Sanborn was unable to produce a driver's license, so he gave the deputy his full name, social security number, and an Illinois address. As the deputy relayed the information to the radio dispatcher, he was notified that a residential burglary had just been reported in the vicinity; in particular, the crime victim reported missing stereo equipment, a dual tape VCR, and compact discs. Noting the similarity between this description of stolen items and what he just observed in Sanborn's car, the deputy sought and receivedSanborn's permission to search the vehicle.
The search yielded two shotguns in the trunk. These weapons, along with the electronics equipment, were eventually identified as property belonging to the burglary victim. Tire tracks and a distinctive oil leak also linked Sanborn's vehicle to the crime scene.
Sanborn was charged with third-degree burglary and possession of a firearm by a felon. The firearm possession charge stemmed from computerized criminal history data received by the deputy at the time of Sanborn's arrest. Data from the State of Florida revealed that in November 1986 a defendant named Darren Earl Sanborn was adjudicated guilty following a nolo contendere *815 plea to second-degree grand theft auto. The record also disclosed that imposition of sentence was withheld and the defendant was placed on two years probation.
At trial the State tendered a copy of the Florida judgment bearing the name of Darren Earl Sanborn. The document was certified by the clerk of the St. Lucie County (Florida) Circuit Court. Sanborn's counsel objected to the document's admissibility on hearsay grounds. The State countered that the exhibita certified public document was admissible without foundation. The district court overruled Sanborn's objection and admitted the exhibit into evidence.

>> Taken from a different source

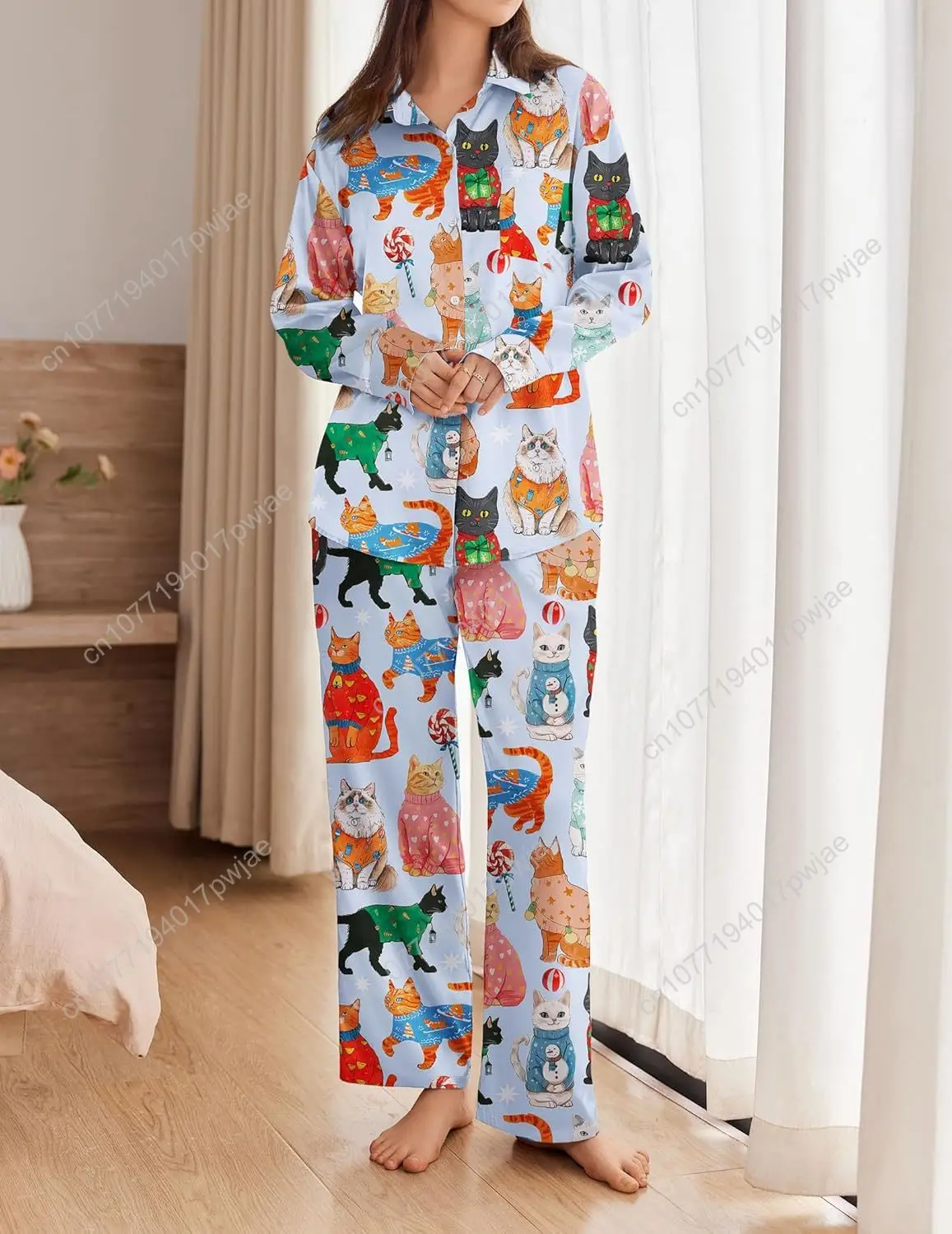 Ekouaer Damen-Pyjama-Set aus Satin, seidig, 2-teilig, bedruckt, Pyjama, weiche Loungewear, Button-Down-Nachtwäsche mit elastischem Bund, lange Hose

The State also offered, without objection by defense counsel, a photocopy of Florida Statutes section 812.014 (1993), purporting to show that grand theft auto constitutes a felony in Florida. Based on this exhibit, the court so instructed the jury as a matter of law.
At the close of the State's case, Sanborn moved for a directed verdict. His counsel argued, in pertinent part, that the State's evidence was insufficient to identify Sanborn as the same person shown on the Florida criminal judgment for purposes of establishing a violation of section 724.26. The court overruled the motion. The jury returned verdicts finding Sanborn guilty as charged, and the court imposed concurrent terms of five years each on the convictions. This appeal by Sanborn followed.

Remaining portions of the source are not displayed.